仮想通貨のサービスはほとんどすべてが試験段階
一つ言えることは、ビットコイン、イーサリアム、リップルの大手3通貨をはじめ、現状ほぼ全ての仮想通貨の技術は試験段階に過ぎないということです。
まだ、一般社会では実用事例は多くなく、本質的な価値を図っている段階に当たります。有名なところでは、仮想通貨イーサリアムの創設者であるビタリック氏が、イーサリアムの現在の価格高騰について「イーサリアムの本質的な役割I(dAppsのプラットフォーム)を考えれば不当に価格が上がっている」という旨の発言をしたことでも知られています。
一部にはビットコインを含む仮想通貨は今後2017年末のバブルともいえる状況を超えて価格が上がるとしているアナリストもいます。ですが、仮想通貨の本質的な価値が明らかになれば、その価値に合わせて自然と価格は落ち着いていくと考えている投資家、アナリストなどの専門家も多く存在しているのです。

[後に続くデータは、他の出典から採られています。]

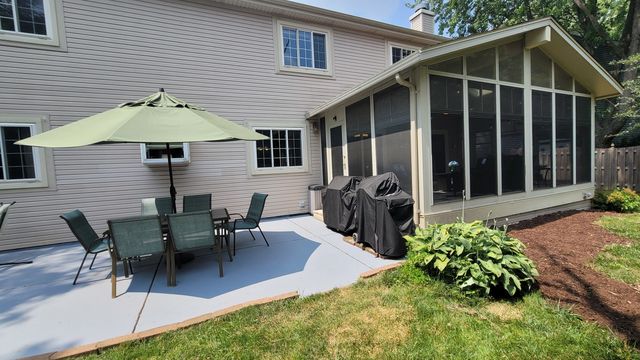 3885 Thornberry Way, Lake In The Hills, IL 60156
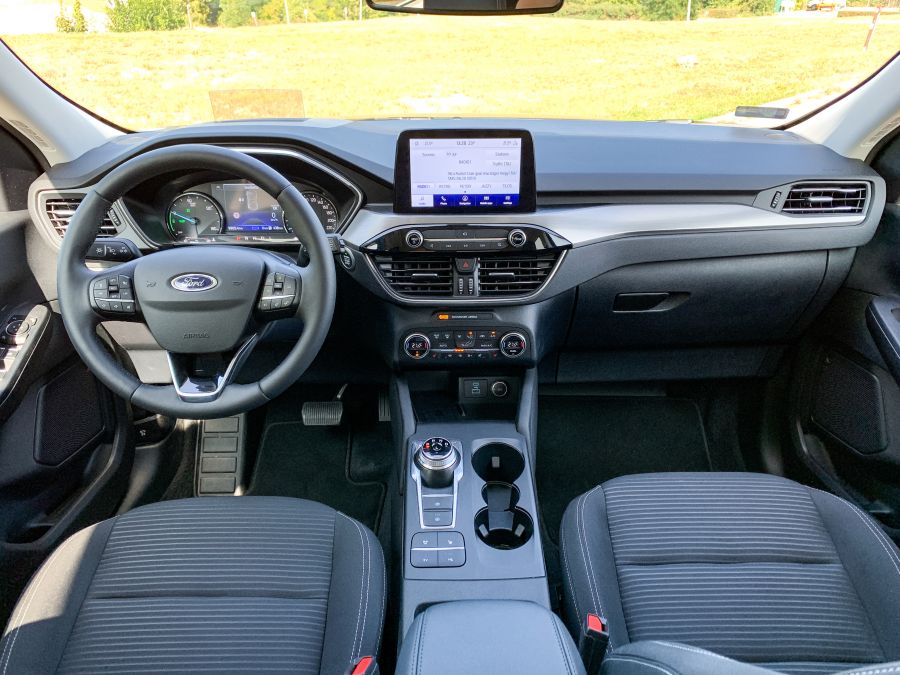 Szinte csak érzelemből - Ford Kuga Plug-in - STYLENEWS - Mobility - 2020 ford kuga, ford hibrid teszt, ford kiga plug-in hybrid teszt, ford kuga, ford suv, kuga plug-in hybrid,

また、2018年以降は大手金融機関、機関投資家たちが、仮想通貨市場に参入することが予想されています。現在の仮想通貨市場規模は約50兆円ほど。
数字だけ見ると莫大ですが、実はゴールドマンサックスやJPモルガンなど仮想通貨市場に参入を表明している、大手企業の抱える資産額と同程度、場合によってはそれ以下(AppleやMicrosoftはこれを上回っている)であり、一般的な市場から見ると非常に小さい規模であり、こうした規模の小ささは、仮想通貨のボラティティの一つの要因にもなっています。
場合によっては巨大な企業がその莫大な資産を投入することによって、合法的に市場を操作できてしまうような状況に置かれているのです。
こうした中で色眼鏡を抜きにして、客観的に仮想通貨、ICOを判断するためにはホワイトペーパーのような総合的に情報を得られるものが必要です。
通貨の沿革を理解することができれば、詐欺通貨と、そうではないものを見分けることもできるようになるでしょう。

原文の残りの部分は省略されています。